“La sentenza di assoluzione con formula piena emessa il 27 novembre 2025 dal giudice monocratico della Prima Sezione Penale del Tribunale di Sede, dottoressa Catia Bagnato nei confronti dei tre imputati, Renato Ciraolo, Callegari Carlo e Gaetano Lucchesi per i reati ex art. 110, art. 633 e art. 639 bis c.p., difesi dagli avvocati Diana Gerace, Francesco Giordano e Maurizio Cucinotta, conclude un processo avviato dalla denuncia del commissario Giovanni Giardina e dell’ispettore Cosimo Peditto dei vigili urbani di Messina”. Lo si evince, da una nota diffusa ieri dall’imputato odierno assolto, Carlo Carmelo Callegari.

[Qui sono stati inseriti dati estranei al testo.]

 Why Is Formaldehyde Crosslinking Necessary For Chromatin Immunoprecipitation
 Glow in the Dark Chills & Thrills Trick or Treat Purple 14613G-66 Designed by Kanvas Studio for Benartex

Così prosegue la nota di Callegari:
- “Il Procedimento giudiziario, era relativo ad i fatti avvenuti il 31 ottobre 2021 a piazza Francesco Lo Sardo tra le bancarelle dei libri messi ogni domenica a disposizione dei lettori dai responsabili del Circolo Pickwick. Nel dibattimento svoltosi presso le Aule giudiziarie del Palazzo di Giustizia, durante le molteplici udienze, sia il commissario, sia l’ispettore, non hanno fornito a sostegno delle gravi accuse prove né evidenti né risultanti da indagini, suscitando interrogativi sull’autonomia del loro operato”;
- “L’azione degli operatori della Polizia Municipale, è sembrata essere stata mortificata nell’occasione, dalla prona esecuzione degli ordini impartiti dall’ex sindaco Cateno De Luca, travalicanti le prerogative del Suo ufficio. Questa sentenza rende ineludibile la richiesta di Renato Ciraolo al sindaco Federico Basile di far luce sulla lealtà istituzionale dei vigili urbani coinvolti il 7 novembre 2021, appena una settimana dopo i fatti di piazza Lo Sardo, nel pedinamento e nei video di Villa Dante tempestivamente procurati all’ex sindaco Cateno De Luca per la gogna mediatica di lunedì sera 8 novembre 2021”.